Got down to the beach around noon and started throwing the cast net, got nothing. I had a couple crab in the ice chest so I put on on a rod and tossed it out. With in 5 minuets we had a bull red. My uncle gave me a couple sand trout that he caught at the cut so I put one of those on a rod and tossed it out. With in 5 minuets we had another bull red. After that there was nothing. The tide was super high and the surf was rough and muddy, but that wasn't the problem. The problem was I didn't have enough bait to keep my lines in the water, and when I did get a piece of bait the crabs would eat it off in a matter of minuets. I think it's still to hot. We need a good cold front to blow in to get the fish into their winter patterns.


----------



## sharkchum (Feb 10, 2012)

While we were surf fishing, the boys put their kayak's in the marsh behind us to go site cast for reds. They didn't find and reds, but they did come back with 5 nice trout. I also caught some sand trout and specks in the creek at night on my fly rod, that's always fun.


----------



## shadslinger (Aug 21, 2005)

Good report sharkchum, and very good pictures. 
It has been a terrible season, it should be nothing to go down and catch bull reds until you are too tired to reel them in this time of year.
I gave it a couple of shots early in October, and they were fair to disappointing.
So I have been waiting for the kick arse reports to come rolling in before going back.
Looks like I will be flounder fishing before that happens!


----------



## loco4fishn (May 17, 2010)

Thanks for the report sharkchum. My buddy was down there this last weekend also and said he ran in to y'all. He was in a turquoise F250. He did ok and said his main issue was branches and trash in the water knocking out his lines. This fall has definitely been off with this warm weather.


----------



## DA REEL DADDY (Jun 7, 2005)

Good job and great job by the boys!


----------



## Castaway2 (Aug 8, 2013)

Awesome job by the boys... must have taught them good!!!!

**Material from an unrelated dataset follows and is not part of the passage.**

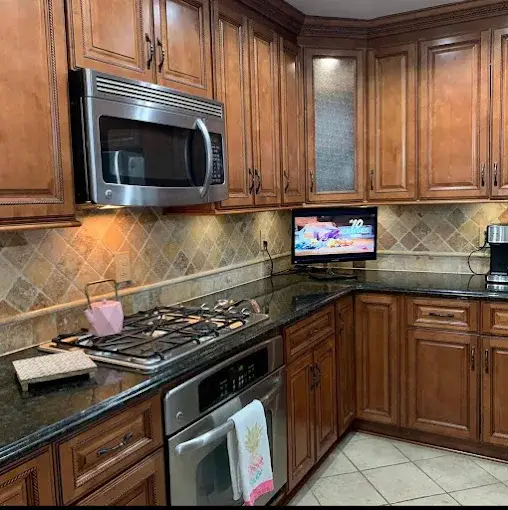 Granite Countertops Wood Kitchen project completed by Venet LLC in Tampa Bay, Florida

tide was high for sure canal was full to the top of the pier. 

great report as always


----------



## Runway (Feb 6, 2005)

I agree on needing a cool front. That will fire up the catching in the creek too.


----------



## Illbethere (Mar 11, 2015)

How far up Caney will the fishing be good at night in the next month, if we get a couple of cool fronts? Anybody know or have good guess?


----------



## Runway (Feb 6, 2005)

My place is way up the creek on Elm Lane. If you look out the back of Clem's place across the field, you are real close. In the 10 years we have been there, the fall fishing has always been best, usually on an outgoing tide, and with a Romeo Y Julieto Reserve. The trout above came from real close by. :fish:


----------



## edjman (Aug 13, 2013)

Yes it has been a terrible October indeed. Didn't catch one bull red...just a few sharks. Hooked into a BIG ray last time but broke em off in the wade gut. Fought it for over an hour but what a battle


----------



## buton (May 23, 2016)

I agree... is too warm for november lol.. we need a good front..


----------